## [INFORMATION PROVIDED]
>>>>>

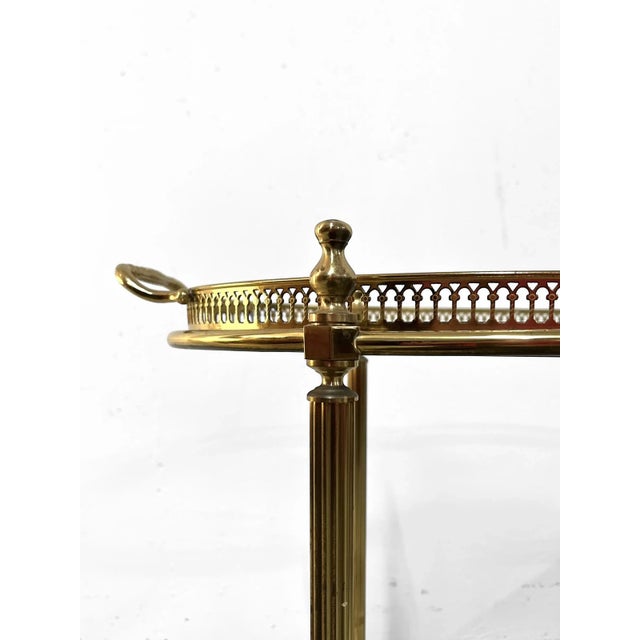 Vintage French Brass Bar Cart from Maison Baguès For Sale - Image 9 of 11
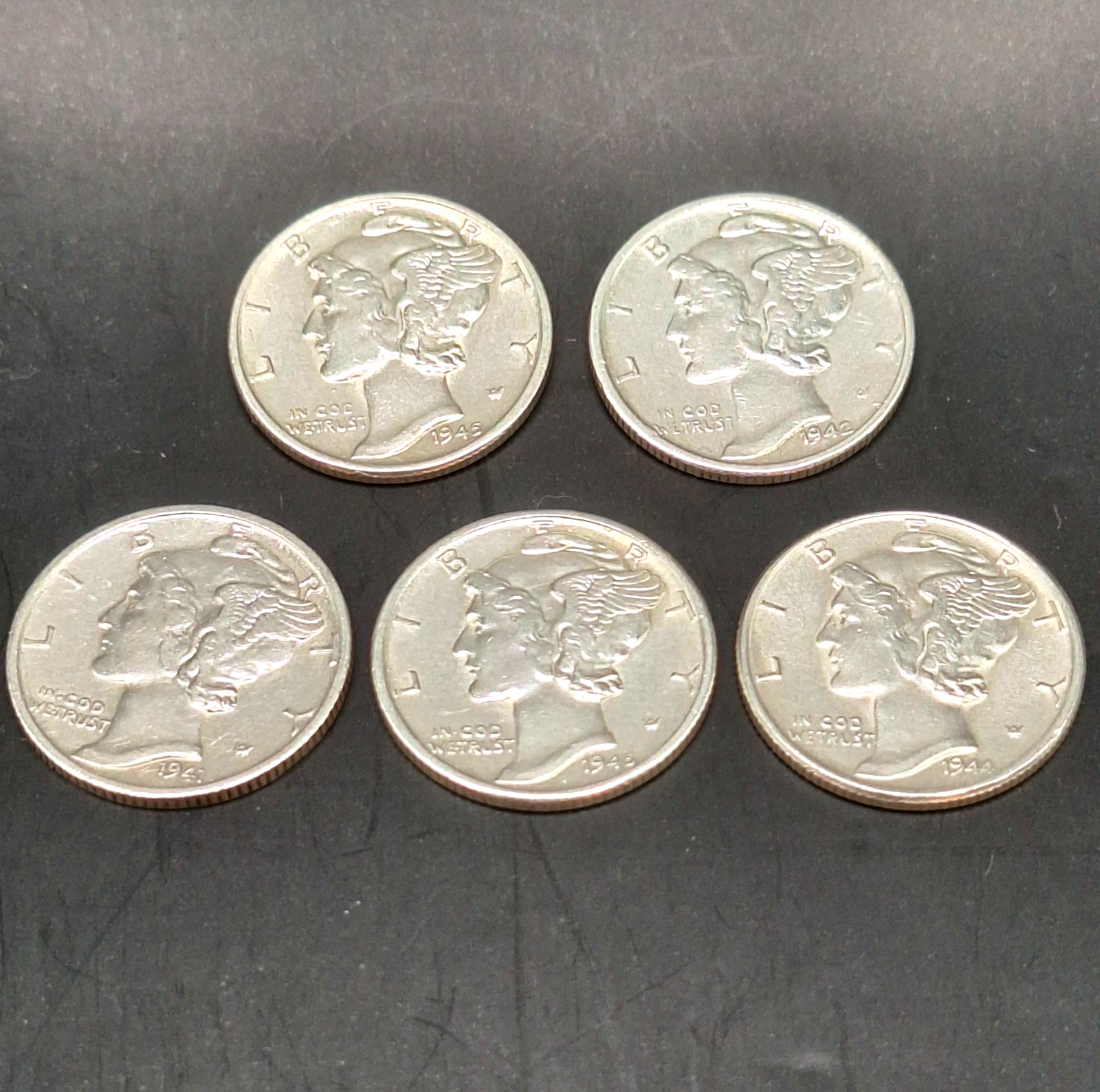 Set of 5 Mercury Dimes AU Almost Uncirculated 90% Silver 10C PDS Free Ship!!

<<<<<
>>>>>

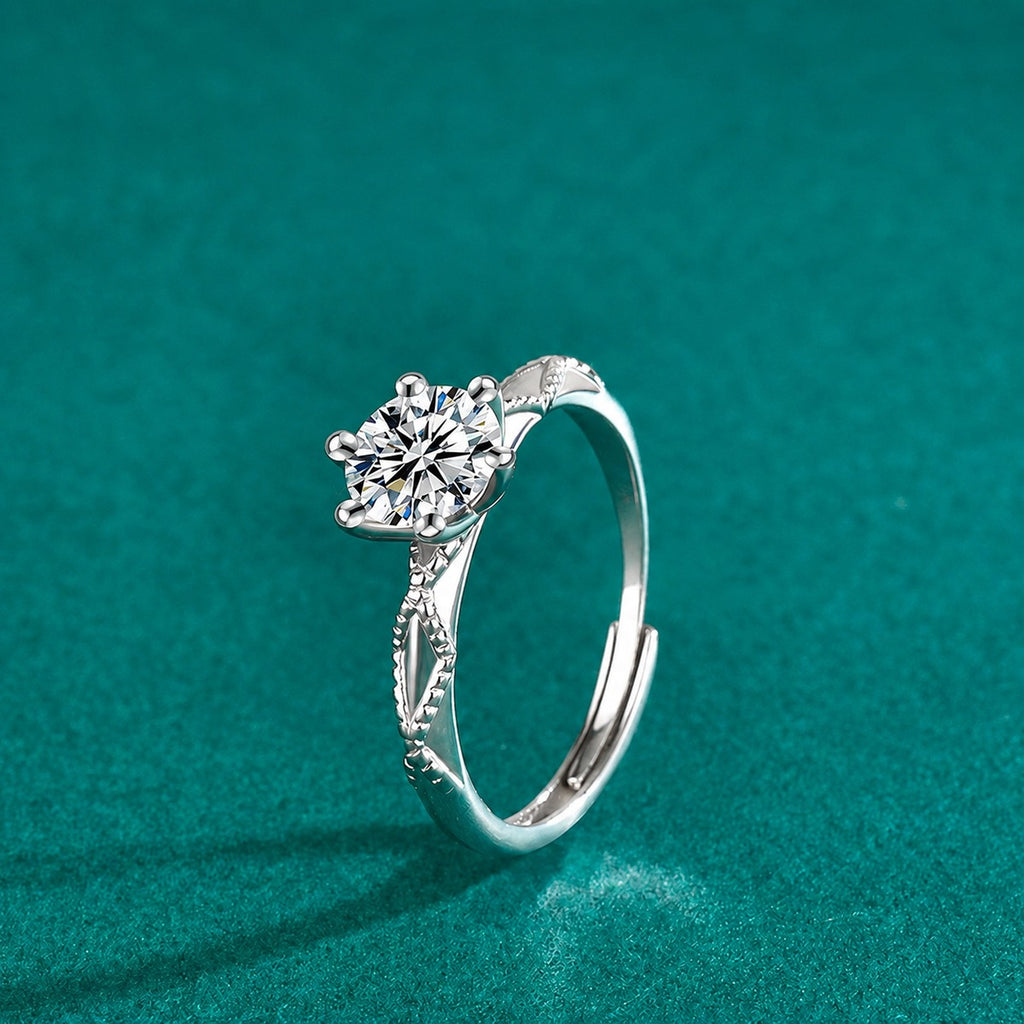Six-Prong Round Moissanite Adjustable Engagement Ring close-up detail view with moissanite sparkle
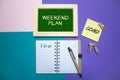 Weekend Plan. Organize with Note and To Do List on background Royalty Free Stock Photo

<<<<<

## [WHAT NEEDS TO BE DONE]
Above are records; write out the lines from the one with "Vintage French Brass" down to the one with "Set of 5 Mercury", exactly, leaving the pictures out.

## [RESULT FOR THIS TASK]
 Vintage French Brass Bar Cart from Maison Baguès For Sale - Image 9 of 11
 Set of 5 Mercury Dimes AU Almost Uncirculated 90% Silver 10C PDS Free Ship!!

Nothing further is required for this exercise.